Extracted data entries:
--- START ---

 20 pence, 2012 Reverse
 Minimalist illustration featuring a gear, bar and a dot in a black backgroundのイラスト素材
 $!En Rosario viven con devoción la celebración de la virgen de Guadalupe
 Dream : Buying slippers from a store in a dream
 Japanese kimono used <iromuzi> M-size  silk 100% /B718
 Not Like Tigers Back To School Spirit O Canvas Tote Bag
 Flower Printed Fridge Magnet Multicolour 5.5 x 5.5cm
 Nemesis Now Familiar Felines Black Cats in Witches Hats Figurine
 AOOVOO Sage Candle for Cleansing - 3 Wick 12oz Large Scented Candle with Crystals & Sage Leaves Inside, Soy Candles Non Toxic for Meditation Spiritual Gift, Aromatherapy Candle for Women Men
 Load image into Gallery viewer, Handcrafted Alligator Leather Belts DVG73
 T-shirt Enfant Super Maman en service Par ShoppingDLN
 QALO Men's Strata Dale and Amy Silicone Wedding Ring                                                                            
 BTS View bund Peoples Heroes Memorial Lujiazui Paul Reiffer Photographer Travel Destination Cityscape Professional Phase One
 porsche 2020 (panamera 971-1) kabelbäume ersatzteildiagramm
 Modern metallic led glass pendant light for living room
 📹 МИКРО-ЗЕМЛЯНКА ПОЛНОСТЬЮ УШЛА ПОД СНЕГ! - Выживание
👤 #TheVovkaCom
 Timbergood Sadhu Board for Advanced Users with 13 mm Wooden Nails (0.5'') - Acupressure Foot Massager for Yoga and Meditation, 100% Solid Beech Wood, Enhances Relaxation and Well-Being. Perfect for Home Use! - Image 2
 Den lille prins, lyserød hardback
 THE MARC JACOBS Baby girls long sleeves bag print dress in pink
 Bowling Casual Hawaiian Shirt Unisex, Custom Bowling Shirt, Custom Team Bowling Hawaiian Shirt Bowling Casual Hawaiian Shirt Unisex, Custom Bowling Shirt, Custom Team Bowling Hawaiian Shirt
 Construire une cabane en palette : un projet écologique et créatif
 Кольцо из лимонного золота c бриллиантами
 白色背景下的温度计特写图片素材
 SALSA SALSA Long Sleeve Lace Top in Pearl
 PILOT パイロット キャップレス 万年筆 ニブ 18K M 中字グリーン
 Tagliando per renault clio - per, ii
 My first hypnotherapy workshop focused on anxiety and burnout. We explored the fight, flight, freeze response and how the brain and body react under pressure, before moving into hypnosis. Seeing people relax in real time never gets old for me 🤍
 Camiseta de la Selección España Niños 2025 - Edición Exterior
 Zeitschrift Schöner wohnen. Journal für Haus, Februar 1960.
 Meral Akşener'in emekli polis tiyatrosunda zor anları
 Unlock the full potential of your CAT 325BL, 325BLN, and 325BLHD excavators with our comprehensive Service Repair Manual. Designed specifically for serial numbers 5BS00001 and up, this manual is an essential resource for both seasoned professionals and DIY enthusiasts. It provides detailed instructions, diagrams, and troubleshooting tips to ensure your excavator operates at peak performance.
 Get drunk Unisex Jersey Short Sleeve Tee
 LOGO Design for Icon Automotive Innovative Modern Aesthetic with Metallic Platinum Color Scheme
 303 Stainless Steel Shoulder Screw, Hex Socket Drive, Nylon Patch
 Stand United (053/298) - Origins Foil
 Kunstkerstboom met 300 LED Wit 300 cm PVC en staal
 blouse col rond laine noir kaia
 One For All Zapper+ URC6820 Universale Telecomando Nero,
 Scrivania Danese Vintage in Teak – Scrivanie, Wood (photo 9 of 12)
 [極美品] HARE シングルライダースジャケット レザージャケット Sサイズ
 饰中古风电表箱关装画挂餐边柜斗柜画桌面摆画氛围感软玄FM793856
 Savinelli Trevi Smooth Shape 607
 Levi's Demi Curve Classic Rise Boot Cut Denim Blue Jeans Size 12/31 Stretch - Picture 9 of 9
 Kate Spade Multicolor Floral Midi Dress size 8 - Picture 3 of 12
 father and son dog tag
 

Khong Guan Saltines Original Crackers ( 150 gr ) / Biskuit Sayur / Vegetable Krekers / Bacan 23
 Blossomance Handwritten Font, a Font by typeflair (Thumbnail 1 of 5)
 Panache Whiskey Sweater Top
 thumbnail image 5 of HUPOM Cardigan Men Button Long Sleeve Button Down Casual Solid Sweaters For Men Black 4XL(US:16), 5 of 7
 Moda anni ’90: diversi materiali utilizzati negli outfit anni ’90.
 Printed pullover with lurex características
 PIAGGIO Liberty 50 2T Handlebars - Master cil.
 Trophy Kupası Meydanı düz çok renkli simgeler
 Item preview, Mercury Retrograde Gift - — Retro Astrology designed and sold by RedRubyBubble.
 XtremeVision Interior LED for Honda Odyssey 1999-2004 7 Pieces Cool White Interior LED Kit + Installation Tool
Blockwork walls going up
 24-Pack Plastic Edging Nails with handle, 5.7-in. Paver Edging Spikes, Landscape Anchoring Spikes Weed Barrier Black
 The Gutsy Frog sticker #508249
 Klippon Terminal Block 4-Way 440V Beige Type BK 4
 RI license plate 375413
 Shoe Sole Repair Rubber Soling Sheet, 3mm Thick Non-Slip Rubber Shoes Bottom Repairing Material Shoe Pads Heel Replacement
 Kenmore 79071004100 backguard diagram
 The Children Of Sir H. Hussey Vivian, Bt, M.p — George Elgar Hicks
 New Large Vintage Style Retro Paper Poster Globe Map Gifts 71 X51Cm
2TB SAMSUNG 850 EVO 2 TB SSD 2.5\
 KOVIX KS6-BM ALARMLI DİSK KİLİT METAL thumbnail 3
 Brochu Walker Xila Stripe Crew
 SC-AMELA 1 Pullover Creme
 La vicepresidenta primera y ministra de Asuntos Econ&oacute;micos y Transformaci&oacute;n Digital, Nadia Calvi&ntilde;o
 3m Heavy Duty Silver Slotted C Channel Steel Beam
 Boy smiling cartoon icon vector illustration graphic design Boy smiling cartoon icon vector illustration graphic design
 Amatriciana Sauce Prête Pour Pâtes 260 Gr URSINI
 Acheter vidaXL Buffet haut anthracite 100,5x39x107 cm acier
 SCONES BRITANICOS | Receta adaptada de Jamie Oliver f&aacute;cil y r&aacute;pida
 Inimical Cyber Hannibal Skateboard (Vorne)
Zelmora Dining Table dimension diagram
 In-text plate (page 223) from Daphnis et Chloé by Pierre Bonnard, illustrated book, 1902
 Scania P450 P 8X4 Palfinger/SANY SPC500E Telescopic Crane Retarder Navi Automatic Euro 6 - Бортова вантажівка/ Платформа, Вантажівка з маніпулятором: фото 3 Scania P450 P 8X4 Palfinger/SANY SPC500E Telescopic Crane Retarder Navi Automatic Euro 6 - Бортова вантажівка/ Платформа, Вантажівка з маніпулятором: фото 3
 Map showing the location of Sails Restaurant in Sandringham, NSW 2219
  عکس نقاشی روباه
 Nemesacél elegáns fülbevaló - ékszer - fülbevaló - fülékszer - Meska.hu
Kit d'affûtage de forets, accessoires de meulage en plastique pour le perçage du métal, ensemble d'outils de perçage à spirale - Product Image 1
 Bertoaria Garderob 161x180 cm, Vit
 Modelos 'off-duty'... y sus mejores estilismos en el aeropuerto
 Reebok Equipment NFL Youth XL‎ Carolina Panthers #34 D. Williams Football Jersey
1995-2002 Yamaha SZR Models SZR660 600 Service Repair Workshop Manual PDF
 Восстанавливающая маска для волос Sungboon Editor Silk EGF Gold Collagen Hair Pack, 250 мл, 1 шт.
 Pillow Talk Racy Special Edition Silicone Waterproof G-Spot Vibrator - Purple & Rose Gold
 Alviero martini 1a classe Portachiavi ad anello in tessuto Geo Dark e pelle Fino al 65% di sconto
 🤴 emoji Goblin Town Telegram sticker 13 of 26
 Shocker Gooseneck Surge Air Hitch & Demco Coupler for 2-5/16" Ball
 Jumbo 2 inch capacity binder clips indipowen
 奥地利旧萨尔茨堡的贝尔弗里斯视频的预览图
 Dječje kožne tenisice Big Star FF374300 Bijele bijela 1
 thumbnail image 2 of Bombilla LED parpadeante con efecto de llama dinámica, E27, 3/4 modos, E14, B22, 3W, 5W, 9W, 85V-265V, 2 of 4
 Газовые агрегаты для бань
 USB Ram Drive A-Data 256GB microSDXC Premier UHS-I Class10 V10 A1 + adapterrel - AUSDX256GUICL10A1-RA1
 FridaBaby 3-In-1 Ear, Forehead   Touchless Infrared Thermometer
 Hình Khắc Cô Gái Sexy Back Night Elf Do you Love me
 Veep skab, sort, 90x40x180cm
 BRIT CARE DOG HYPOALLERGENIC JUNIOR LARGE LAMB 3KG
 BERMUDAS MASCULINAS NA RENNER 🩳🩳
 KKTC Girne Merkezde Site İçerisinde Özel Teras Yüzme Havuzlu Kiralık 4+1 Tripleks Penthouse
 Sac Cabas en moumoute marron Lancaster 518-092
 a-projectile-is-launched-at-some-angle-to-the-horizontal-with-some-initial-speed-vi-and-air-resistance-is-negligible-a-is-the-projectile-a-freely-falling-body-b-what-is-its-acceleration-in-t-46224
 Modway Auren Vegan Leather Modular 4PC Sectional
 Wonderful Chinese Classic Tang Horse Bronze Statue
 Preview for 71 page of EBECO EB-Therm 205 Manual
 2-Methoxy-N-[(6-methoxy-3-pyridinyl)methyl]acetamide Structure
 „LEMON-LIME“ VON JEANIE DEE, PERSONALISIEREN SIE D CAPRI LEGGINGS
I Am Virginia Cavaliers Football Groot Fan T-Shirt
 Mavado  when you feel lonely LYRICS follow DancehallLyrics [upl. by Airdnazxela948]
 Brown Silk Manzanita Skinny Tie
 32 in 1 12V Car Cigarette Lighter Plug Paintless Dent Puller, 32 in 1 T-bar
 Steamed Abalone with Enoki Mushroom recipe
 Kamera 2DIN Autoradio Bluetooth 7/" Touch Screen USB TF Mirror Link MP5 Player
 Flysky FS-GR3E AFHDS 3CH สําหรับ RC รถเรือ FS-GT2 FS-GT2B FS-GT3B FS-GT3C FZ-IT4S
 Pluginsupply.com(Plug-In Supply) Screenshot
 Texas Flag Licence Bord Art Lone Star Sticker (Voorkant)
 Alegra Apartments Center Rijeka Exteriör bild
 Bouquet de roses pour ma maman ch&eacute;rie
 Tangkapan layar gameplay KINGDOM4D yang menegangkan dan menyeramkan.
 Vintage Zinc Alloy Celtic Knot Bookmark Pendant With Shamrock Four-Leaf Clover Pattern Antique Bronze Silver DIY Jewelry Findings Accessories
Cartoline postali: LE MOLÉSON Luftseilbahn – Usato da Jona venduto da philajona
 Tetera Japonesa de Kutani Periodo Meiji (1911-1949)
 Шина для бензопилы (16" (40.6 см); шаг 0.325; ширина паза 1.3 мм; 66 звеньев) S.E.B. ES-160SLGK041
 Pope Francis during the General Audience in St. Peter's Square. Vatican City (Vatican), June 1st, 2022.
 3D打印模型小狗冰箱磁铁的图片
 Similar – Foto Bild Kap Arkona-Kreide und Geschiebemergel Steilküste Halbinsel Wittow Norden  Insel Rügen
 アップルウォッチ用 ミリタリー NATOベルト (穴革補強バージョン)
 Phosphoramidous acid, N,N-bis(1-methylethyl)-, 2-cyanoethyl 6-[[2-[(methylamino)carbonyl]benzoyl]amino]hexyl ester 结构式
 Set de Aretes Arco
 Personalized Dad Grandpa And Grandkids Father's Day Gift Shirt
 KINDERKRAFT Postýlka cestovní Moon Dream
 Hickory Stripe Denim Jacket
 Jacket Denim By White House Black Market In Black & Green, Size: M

--- END ---

WHAT IS BEING ASKED =
Proceeding from the line containing "Stand United (053/298) - Origins Foil" through the line containing "father and son dog tag", transcribe the lines above exactly, both end lines included.

FINISHED TASK =
 Stand United (053/298) - Origins Foil
 Kunstkerstboom met 300 LED Wit 300 cm PVC en staal
 blouse col rond laine noir kaia
 One For All Zapper+ URC6820 Universale Telecomando Nero,
 Scrivania Danese Vintage in Teak – Scrivanie, Wood (photo 9 of 12)
 [極美品] HARE シングルライダースジャケット レザージャケット Sサイズ
 饰中古风电表箱关装画挂餐边柜斗柜画桌面摆画氛围感软玄FM793856
 Savinelli Trevi Smooth Shape 607
 Levi's Demi Curve Classic Rise Boot Cut Denim Blue Jeans Size 12/31 Stretch - Picture 9 of 9
 Kate Spade Multicolor Floral Midi Dress size 8 - Picture 3 of 12
 father and son dog tag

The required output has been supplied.